There's currently no monitoring setup for communishift items. Once it's moved to staging / production, nagios checks can be added.
Also, in our stg/prod clusters we have some simple monitoring like mailing you when a pod crashes or a build or cronjob fails.
Basically, I would like to have some custom commands (checking if auth tokens are up-to-date, parsing a log file for specific errors, etc) and periodically run them on my deployed container. Or spawning a separate container in my project to run them. If they find any problem, I'd like to be notified via email.
Another option there is to make some kind of health check, and have openshift monitor it and alert/take the app down if something was unhealthy. I guess that might not be what you want for transitory errors or where you don't want the app to stop working on some errors.
kevin
Thank you very much for the reply Kevin,
Another option there is to make some kind of health check, and have openshift monitor it and alert/take the app down if something was unhealthy.
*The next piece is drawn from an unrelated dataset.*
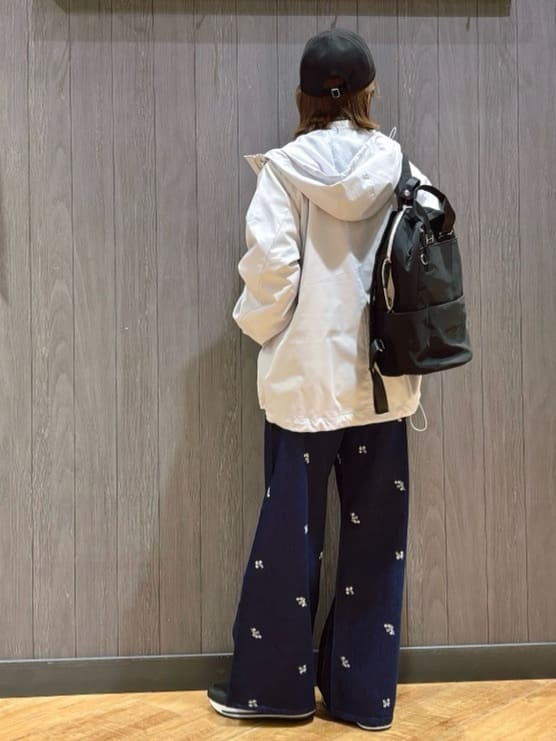 meiさんの「SHOO･LA･RUE｜【洗濯機可/S-LL】コーデの主役になる ロゴアソート 裏毛スウェット」を使ったコーディネート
I have limited experience with OpenShift so I am not sure what is possible or not but I've been reading about health checks and the documentation always mentioned restarting the "unhealthy" container instead of sending an email notification. That wouldn't be helpful for me.
There's currently no monitoring setup for communishift items. Once it's moved to staging / production, nagios checks can be added. Also, in our stg/prod clusters we have some simple monitoring like mailing you when a pod crashes or a build or cronjob fails.
Seems like the right course of action would be migrating to the production OpenShift instance. My questions regarding the migration process were answered in https://pagure.io/fedora-infrastructure/issue/11814 so I will just have to prioritize that. Then I will get back to you in regards to the Nagios configuration.
Thank you again, Jakub
On Sun, Jun 2, 2024 at 7:35 PM Kevin Fenzi kevin@scrye.com wrote:
On Sat, Jun 01, 2024 at 08:48:32PM GMT, Jakub Kadlcik wrote:
I am running a service in Fedora CommuniShift (planning to move it to Fedora production OpenShift instance in case it is relevant).
Can anybody please help me understand how to configure some monitoring
for
it? Is it possible to configure nagios.fedoraproject.org for it? Or is there any other recommended approach?
There's currently no monitoring setup for communishift items. Once it's moved to staging / production, nagios checks can be added.
Also, in our stg/prod clusters we have some simple monitoring like mailing you when a pod crashes or a build or cronjob fails.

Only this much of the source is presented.